The Challenge of H.323 Video Conferencing

with Network Address Translation

Originally published in Teleconference Magazine

Video conferencing has been around since the mid-1960s, but only recently has the arrival of desktop video conferencing made it a practical tool for everyday personal communication. The prominence of the Internet as a mainstream phenomenon has enabled one technology-H.323 conferencing-to emerge as the scion of universal adoption. Unfortunately, several challenges threaten the usefulness of H.323 conferencing in certain network situations. The challenges are oddly intertwined. The H.323 standard works on internet protocol (IP) networks, which use IP addressing to route information from point A to point B. Unfortunately, the current IP standard predates the escalating boom of “connected” devices and, in the not-too-distant future, the world will run out of valid IP addresses. To alleviate this problem-and to save money and increase security-many organizations are turning to network address translation (NAT) as a method of IP address conservation.

From the standpoint of video conferencing, the critical issue is that network address translation prevents H.323 conferencing products from working properly. Without specific intervention, a NAT device effectively blocks all incoming calls. The more popular H.323 conferencing becomes, the more of a problem this is likely to be.

This document examines these issues and discusses a recently announced solution to the problem: Sorenson Glasses(tm).

H.323 Video Conferencing

The original video conferencing standard, H.320, was developed in the early nineties as a common language to allow different manufacturers’ products to communicate with one another. H.320 was created as an “umbrella standard” to specify methods for transmitting various types of data. The relatively old-school H.320 conferencing scheme was generally used in expensive, dedicated installations such as board rooms, with multiple high-speed data lines and prohibitively expensive equipment.

In 1996, the International Telecommunications Union (ITU) established the H.323 standard, which specifies methods for sending and receiving video, audio, and data communications over IP networks. The standard also allows for services such as converting data between networks, handling latency, and dealing with lost packets. H.323 conferencing works over any network that uses the internet protocol (IP) for connectivity, including local area networks (LANs), wide area networks (WANs) and the Internet. Consequently, the H.323 revolution has taken video conferencing out of the board room and put it on the desktop.

In a typical H.323 call, a person at one endpoint (a computer or other device enabled with an H.323 application) calls a person at another endpoint. For a successful call, each of the endpoints needs to have a unique, “public” IP address and must have authority to open several network data ports to send and receive multimedia data. Once an H.323 call is negotiated, it can open channels to handle various kinds of data. Different applications provide different functions. Most video conferencing applications offer audio, video, and T.120 data, which is used to control collaboration processes such as application sharing and whiteboarding. The H.323 standard also provides a way to implement proprietary data channels for specialized applications such as network gaming, interactive technical support, and distance learning.

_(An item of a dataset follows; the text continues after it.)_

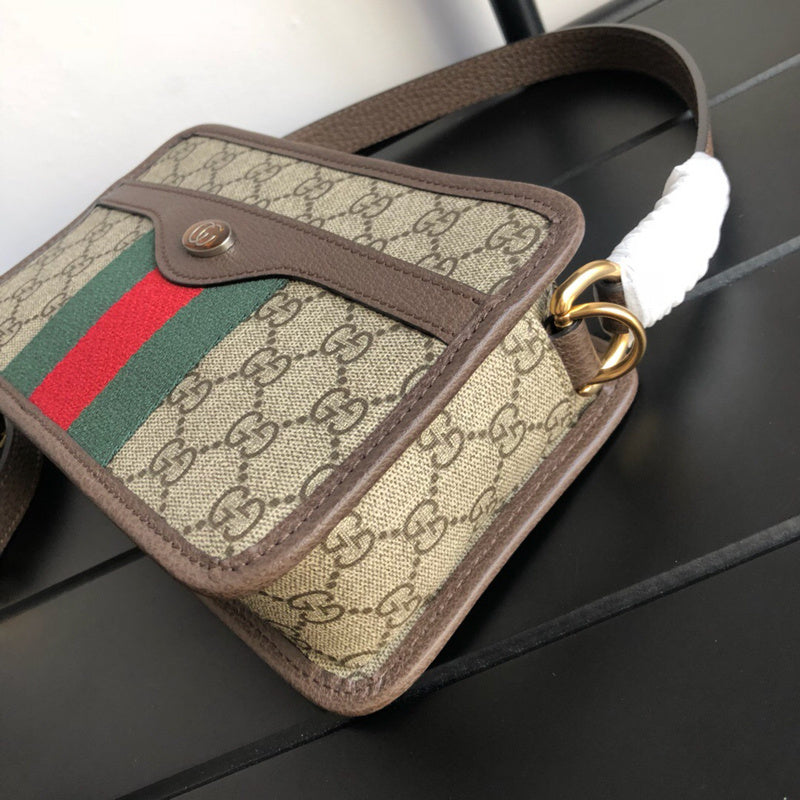 Luxurious Totes - Latest - 9854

The importance of conferencing standards cannot be overstated. Since video conferencing is not a government-sanctioned service, and since no monolithic company has risen immediately to dominate the market, customers rely on various vendors to provide them with the tools they need to set up their systems. In the absence of a standard, companies would be at the mercy of scattered, proprietary technologies, and users purchasing systems would be locked into a specific brand of equipment. Since-at least theoretically-any communications product created according to the H.323 standard will interoperate correctly with any other standards-compliant product, users are free to enter the world of desktop video conferencing without pinning their hopes on the success of a single company.

Internet Protocol (IP) Addressing

The internet protocol provides two basic functions: data delivery (or routing) and fragmentation. In addition to these, other services include timeouts, prioritization, source routing, and route tracing.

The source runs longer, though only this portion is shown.